Biden praises Braves’ ‘unstoppable, joyful run’ to 2021 win

Geoff Burke-USA TODAY Sports

WASHINGTON — President Joe Biden said the Atlanta Braves will be “forever known as the upset kings of October” for their improbable 2021 World Series win, as he welcomed the team to the White House for a victory celebration.

Biden called the Braves’ drive an “unstoppable, joyful run.” The team got its White House visit in with just over a week left before the 2022 regular season wraps up and the Major League Baseball playoffs begin again. The Braves trail the New York Mets by 1.5 games in the National League East but have clinched a wildcard spot for the MLB playoffs that begin Oct. 7. Chief Executive Officer Terry McGuirk said he hoped they’d be back to the White House again soon.

In August 2021, the Braves were a mess, playing barely at .500. But then they started winning. And they kept it up, taking the World Series in six games over the Houston Astros.

Biden called their performance of “history’s greatest turnarounds.”

“This team has literally been part of American history for over 150 years,” said Biden. “But none of it came easy … people counting you out. Heck, I know something about being counted out.”

Players lined up on risers behind Biden, grinning and waving to the crowd, but the player most discussed was one who hasn’t been on the team in nearly 50 years and who died last year: Hall of Famer Hank Aaron.

Hammerin’ Hank was the home run king for 33 years, dethroning Babe Ruth with a shot to left field on April 8, 1974. He was one of the most famous players for Atlanta and in baseball history, a clear-eyed chronicler of the hardships thrown his way – from the poverty and segregation of his Alabama youth to the racist threats he faced during his pursuit of one of America’s most hallowed records. He died in January at 86.

“This is team is defined by the courage of Hank Aaron,” Biden said.

McGuirk said Aaron, who held front office positions with the team and was one of Major League Baseball’s few Black executives, was watching over them.

“He’d have been there every step of the way with us if he was here,” McGuirk added.

The president often honors major league and some college sports champions with a White House ceremony, typically a nonpartisan affair in which the commander in chief pays tribute to the champs’ prowess, poses for photos and comes away with a team jersey.

Those visits were highly charged in the previous administration. Many athletes took issue with President Donald Trump’s policies and rhetoric on policing, immigration and more. Trump, for his part, didn’t take kindly to criticism from athletes or their on-field expressions of political opinions.

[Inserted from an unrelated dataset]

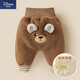 迪士尼（Disney）嬰幼兒加絨加厚大pp褲冬裝秋冬男女寶寶保暖褲子少兒可愛(ài)卡通長(cháng)褲 咖啡色大pp褲 100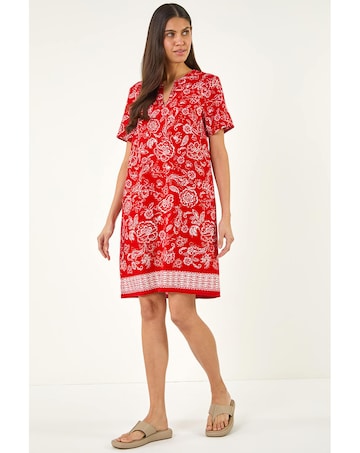 Roman Paisley Linen Blend Shift Dress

Under Biden, the tradition appears to be back. He’s hosted the NBA champion Milwaukee Bucks and Super Bowl champion Tampa Bay Buccaneers at the White House. On Monday he joked about first lady Jill Biden’s Philadelphia allegiances.

“Like every Philly fan, she’s convinced she knows more about everything in sports than anybody else,” he said. He added that he couldn’t be too nice to the Atlanta team because it had just beaten the Phillies the previous night in extra innings.

Press secretary Karine Jean-Pierre was later questioned about the team’s name, particularly as other professional sports teams have moved away from names – like the Cleveland Indians, now the Guardians, and the Washington Redskins, now the Commanders – following years of complaints from Native American groups over the images and symbols.

She said it was important for the country to have the conversation. “And Native American and Indigenous voices – they should be at the center of this conversation,” she said.

Biden supported MLB’s decision to pull the 2021 All-Star Game from Atlanta to protest Georgia’s sweeping new voting law, which critics contend is too restrictive.